Conditions in COVID-19 positive units:

  • Ongoing emergency mental healthcare is not being provided to everyone in COVID-19 quarantine.
  • Across shifts, correctional officers are not rapidly responding to urgent calls for help in COVID-19 units (i.e. medical & mental health emergencies).
  • In some cases, people who have been experiencing symptoms for as long as a week have not yet been provided any medication by medical staff. 
  • People are not being given their prescribed medication, menstrual products, or personal hygiene products.
  • In some rooms, all eight inhabitants are sick and manifesting COVID-19 symptoms thus ensuring constant and prolonged exposure to the virus over a prolonged period.
  • The conditions inside the quarantine units are filthy. Rooms have not been cleaned prior to relocation of people who have tested positive. People sent to quarantine have been placed in units with trash, feces-filled toilets, etc. and were forced to utilize used cleaning supplies from common areas to make the rooms liveable. In many cases there is a thick dust coating the surfaces in the living quarters. People are sleeping on torn mattresses and rusted bunks. This filth and dust exacerbates breathing difficulties for people already struggling to breathe and with reduced lung capacity because of the virus.
  • There is little to no access to cleaning and disinfectant supplies. When people are able to access cleaning supplies, the substance is diluted to the point of being ineffective; there is a pervasive lack of access to hand sanitizers and antibacterial soap.
  • Access to commissary is restricted thus severely limiting access to critical items including soap, laundry detergent, and food, as well as over-the-counter medications to alleviate symptoms like fever. In some cases, commissary is being capped at an arbitrary figure with no explanation.
  • People are not consistently being provided showers. This situation is particularly dire given the filthy conditions of the rooms as well as the fever and sweating associated with the COVID-19. 
  • People are not being provided access to communication. This includes access to phones as well as to electricity to charge  tablets, both of which are critical to maintaining contact to support networks outside, and critical to mental health during a crisis. The only access to electricity that people in the quarantine units have are electrical strips running through the hallways. This is not an adequate source of electricity for the many people currently being housed in the quarantine units and it also  poses a significant fire hazard. 
  • There is no ongoing, on-site oversight of staff working in the COVID-19 units. This ensures that there is no effective monitoring regarding guard behavior and actions. 
  • We have heard multiple accounts of staff harassing, mocking, and shaming people who have tested positive. 
  • People have experienced threats of retaliation as well as rules violations for speaking up about the conditions that they face.

Housing & property:

  • Rooms where people who tested positive lived are not properly disinfected after people are taken to quarantine.
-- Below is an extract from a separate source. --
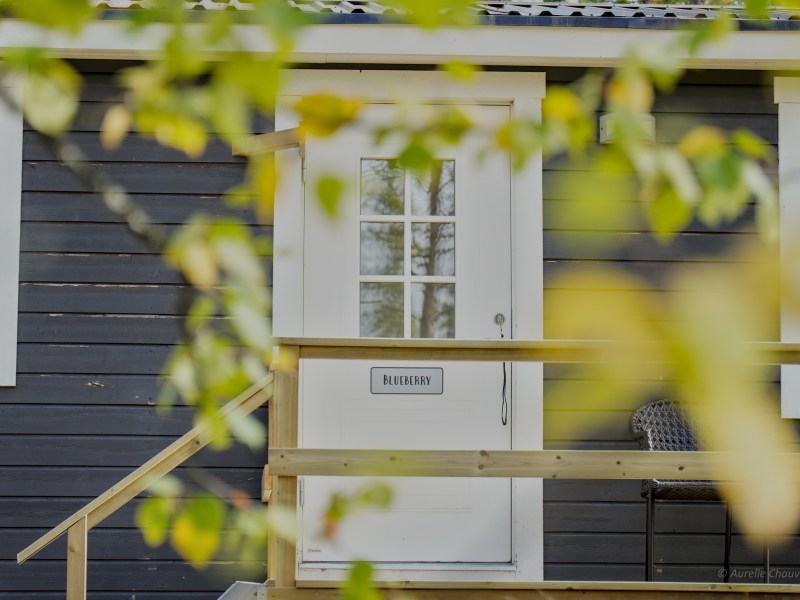 White door of a dark blue house, surrounded by yellow-green leaves.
CCWF needs to put additional protocols in place to ensure that proper sanitation can occur given that much of the incarcerated workforce assigned to do janitorial labor is quarantined.
  • People were forced to leave their property in their cells before being taken to quarantine. Staff are now bagging up people’s property from their rooms and taking these belongings to an undisclosed location, regardless of whether the person signed a chrono requesting their property remain in their original cell. In some instances, new people are being assigned to cells where the original inhabitants property has been left. These practices of separating people from their belongings not only cause additional disruption and stress, but prevent people from accessing legal paperwork.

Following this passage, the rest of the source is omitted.